Option 2: dedicated ticket category for vulnerabilities

Create a ticket category tree: Security > Vulnerability > [by severity]. When a scanner finds a critical issue, a ticket gets created under this category, linked to the affected asset via the "Items" tab. The ticket tracks remediation — assignment, progress, validation, closure.

Option 3: combine both

Use custom fields for the raw vulnerability data (what was found, when, by which scanner) and tickets for the remediation workflow (who is fixing it, what is the deadline, is it done).

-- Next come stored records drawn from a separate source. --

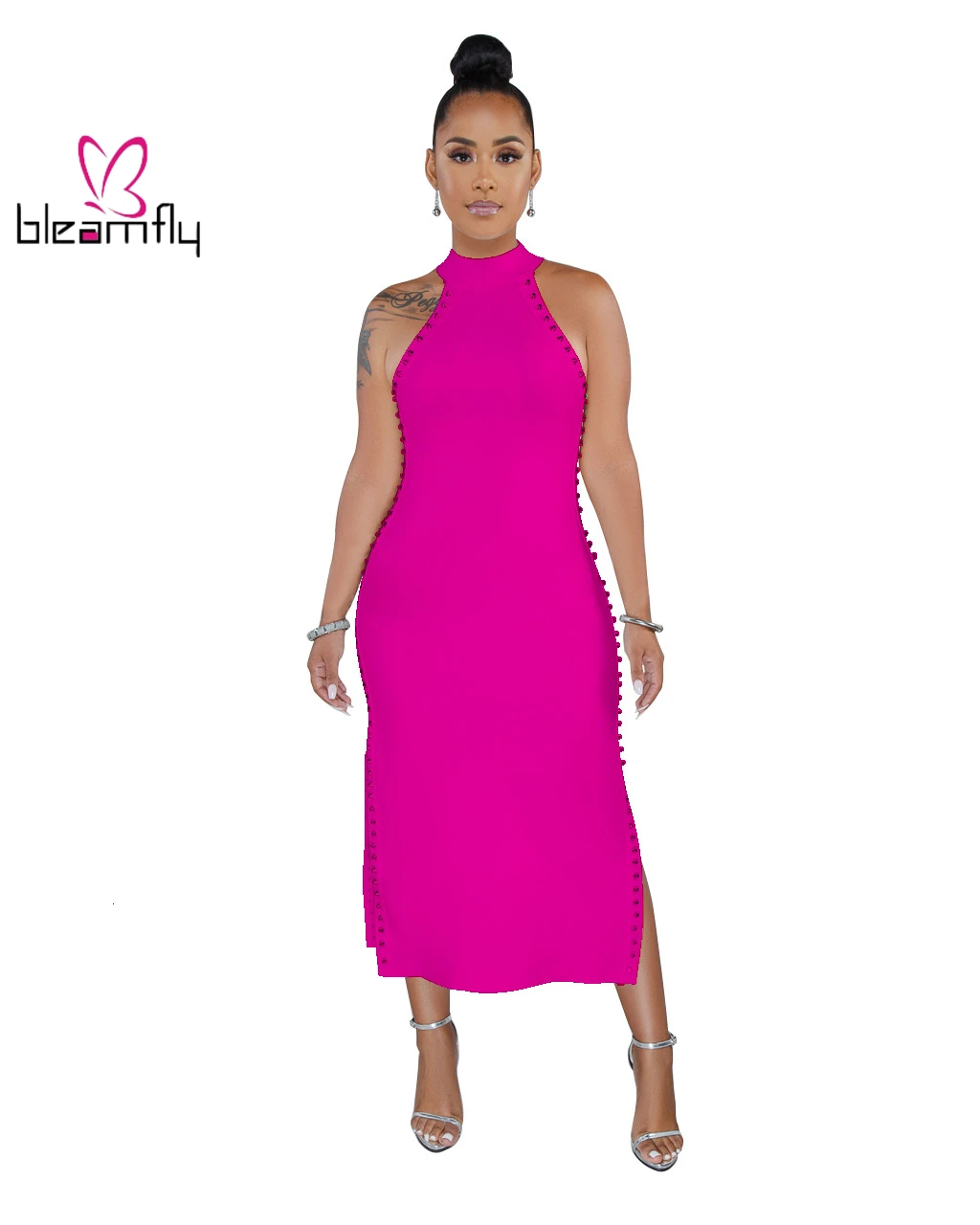 2019 женское летнее платье без рукавов с заклепками и лямкой на шее пляжная мода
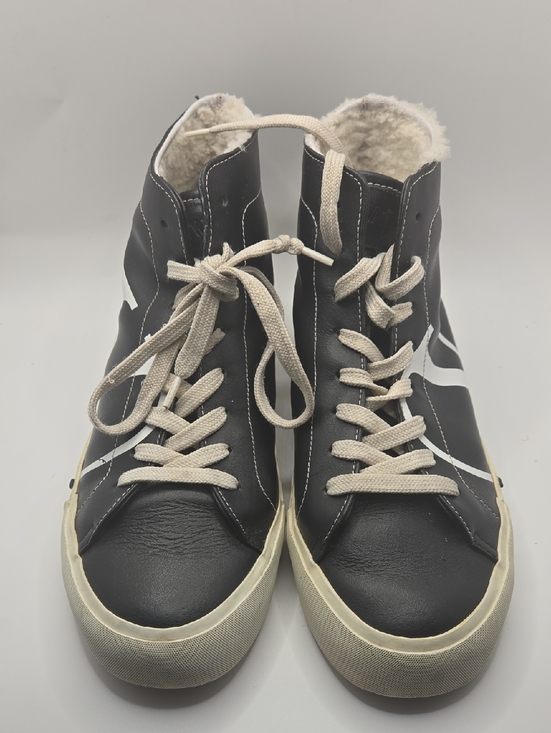 Valentino Garavani Shoes - Valentino Garavani Trick VLogo Leather High-Top Black Shearling Sneakers Sz 39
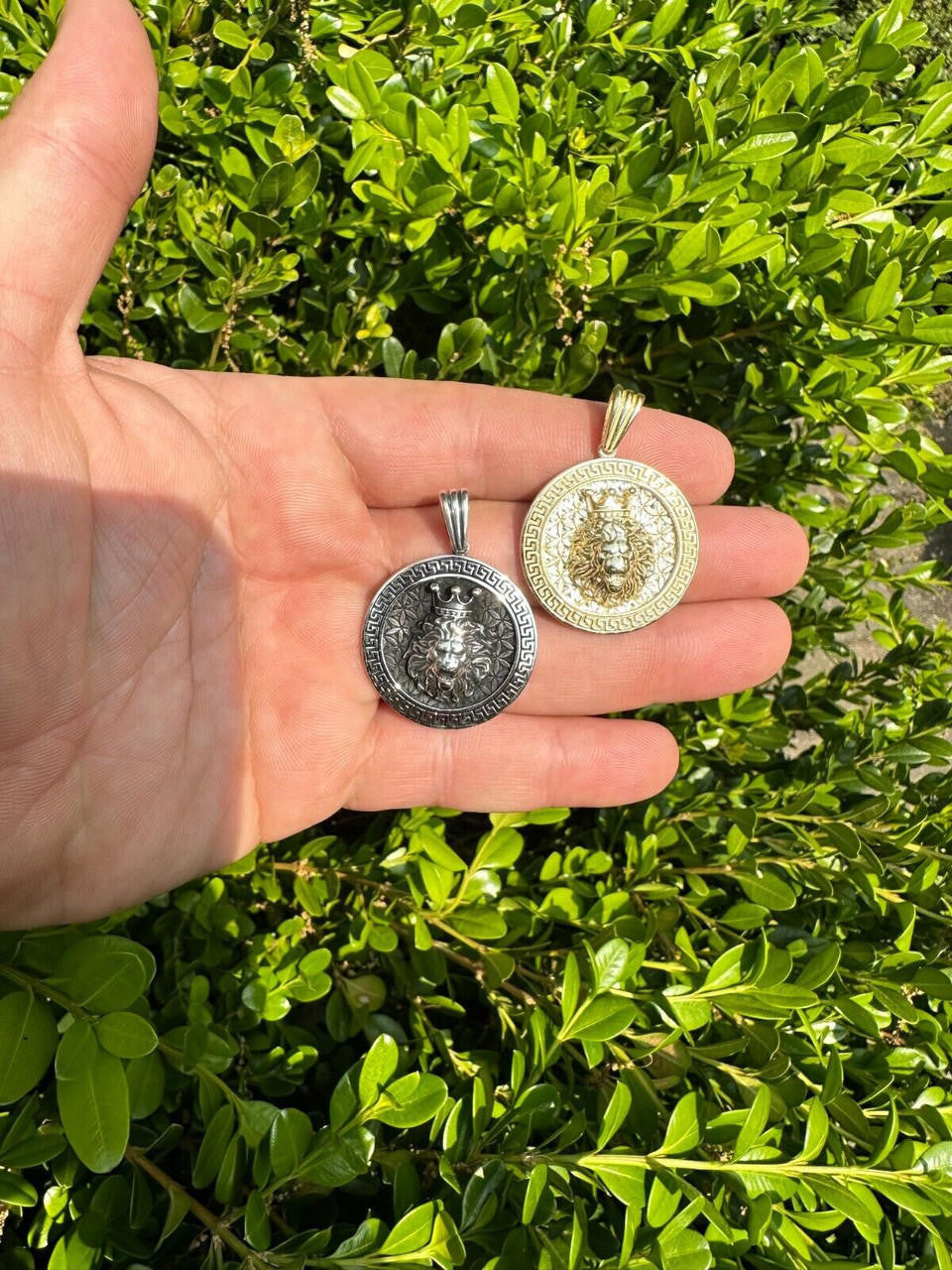 HarlemBling Real 925 Silver / 14k Gold Plated Lion King Of Jungle Medallion Pendant Necklace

This separates the finding from the fix, which matters for audit trails.

The import workflow

The practical workflow looks like this:

  1. Scanner runs on schedule (Nessus, OpenVAS, Qualys — any tool that exports CSV or has an API).
  2. A script parses the scanner output and matches findings to GLPI assets by hostname, IP address, or serial number using the GLPI REST API.
  3. For each match, the script either updates the custom vulnerability fields on the asset or creates a ticket linked to that asset — or both.
  4. Tickets land in the queue of the responsible technician (GLPI can auto-assign based on entity, location, or asset group).
  5. Remediation gets tracked per asset. When the technician patches the system, they close the ticket and update the vulnerability status.

The GLPI REST API handles all of this. The endpoints for creating tickets (POST /apirest.php/Ticket) and updating assets (PUT /apirest.php/Computer/{id}) are well-documented and stable.

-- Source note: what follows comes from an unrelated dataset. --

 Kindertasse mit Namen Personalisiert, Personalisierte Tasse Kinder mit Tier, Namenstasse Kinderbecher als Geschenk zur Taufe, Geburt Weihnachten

Answering "which devices are affected by CVE-X?"

With vulnerability data stored in GLPI, this becomes a search query. Filter assets by the CVE ID custom field, or search tickets by the CVE reference in the title. GLPI's saved searches let you bookmark these queries and share them with the security team.

You can also build reports: how many open critical vulnerabilities exist across the fleet, which entities have the highest counts, what is the average time from discovery to remediation. This is the kind of data that ISO 27001 auditors ask for and that NIS2 incident reporting requirements expect you to have ready.

What this gets you

The CMDB becomes the single source of truth for both asset inventory and security posture. Vulnerability findings are not trapped in scanner reports — they are linked to real assets with real owners. Remediation is tracked through the same ticketing system the IT team already uses, which means no new tools and no new workflows to learn.

GLPI will not replace your scanner. But it will make sure that what your scanner finds actually gets fixed, on the right device, by the right person, within a trackable timeline.